* **TASK OBJECTIVE**:
Retype all of the listing exactly, with no pictures.

* **INPUT DATA**:
<<<<

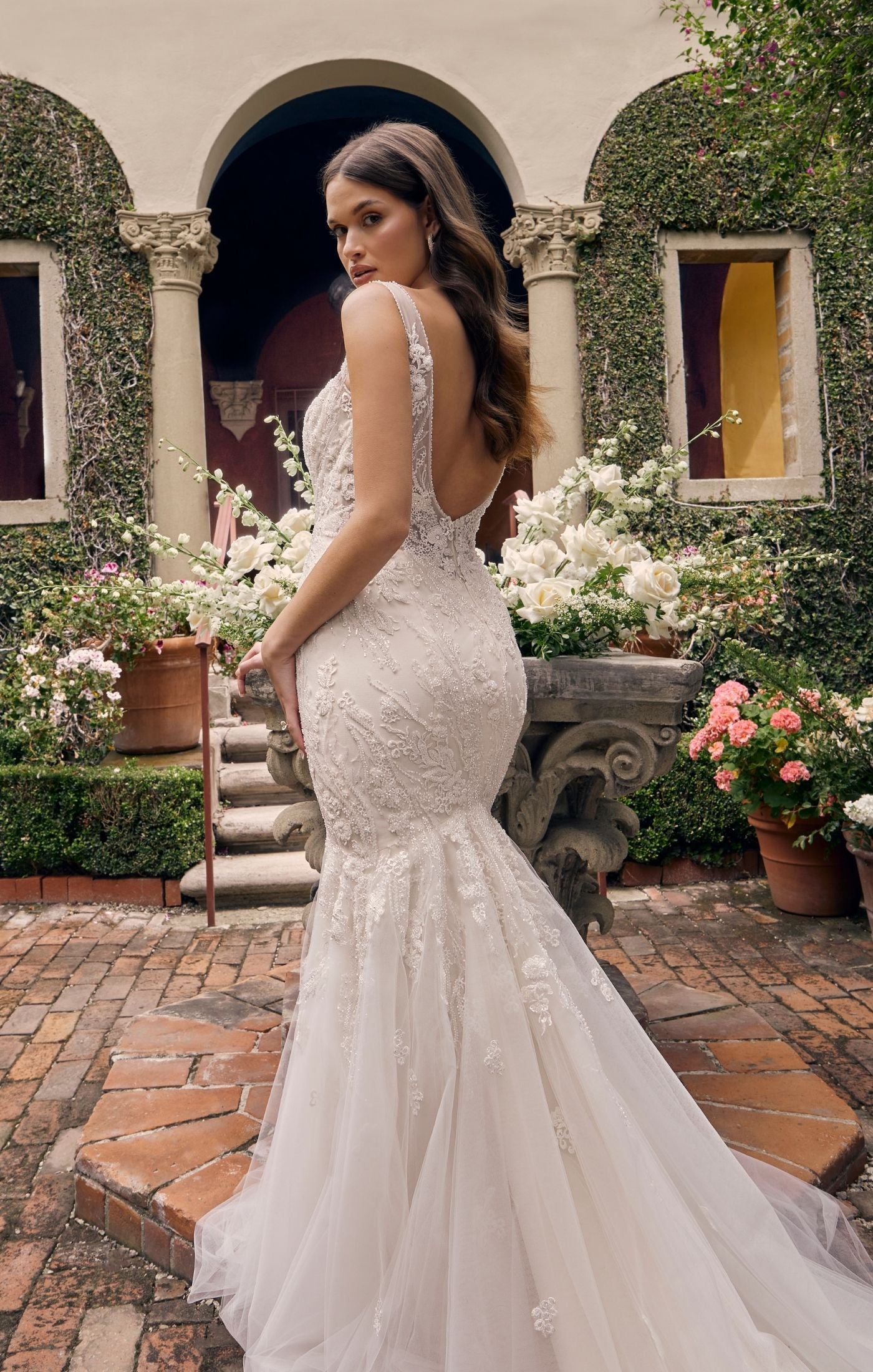 THICK STRAP LOW BACK LACE WEDDING GOWN - Dave & Johnny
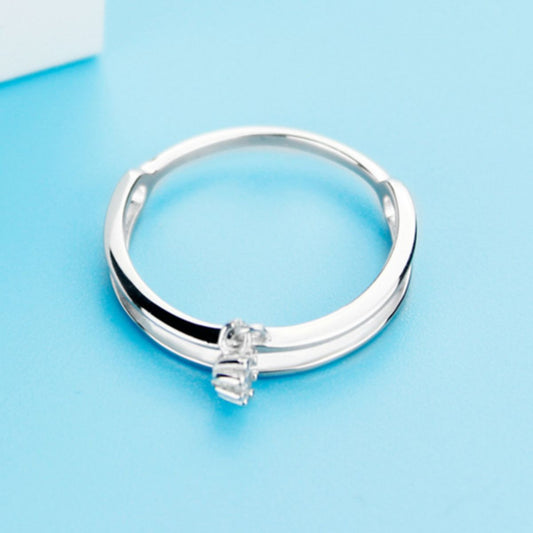 Sterling Silver Double Layered Ring in Silver - women's ring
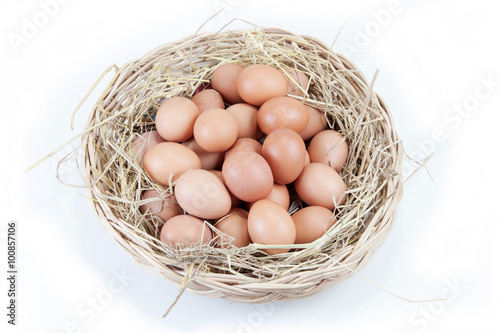 eggs in a rattan basket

>>>>

* **OUTPUT BELOW**:
 THICK STRAP LOW BACK LACE WEDDING GOWN - Dave & Johnny
 Sterling Silver Double Layered Ring in Silver - women's ring
 eggs in a rattan basket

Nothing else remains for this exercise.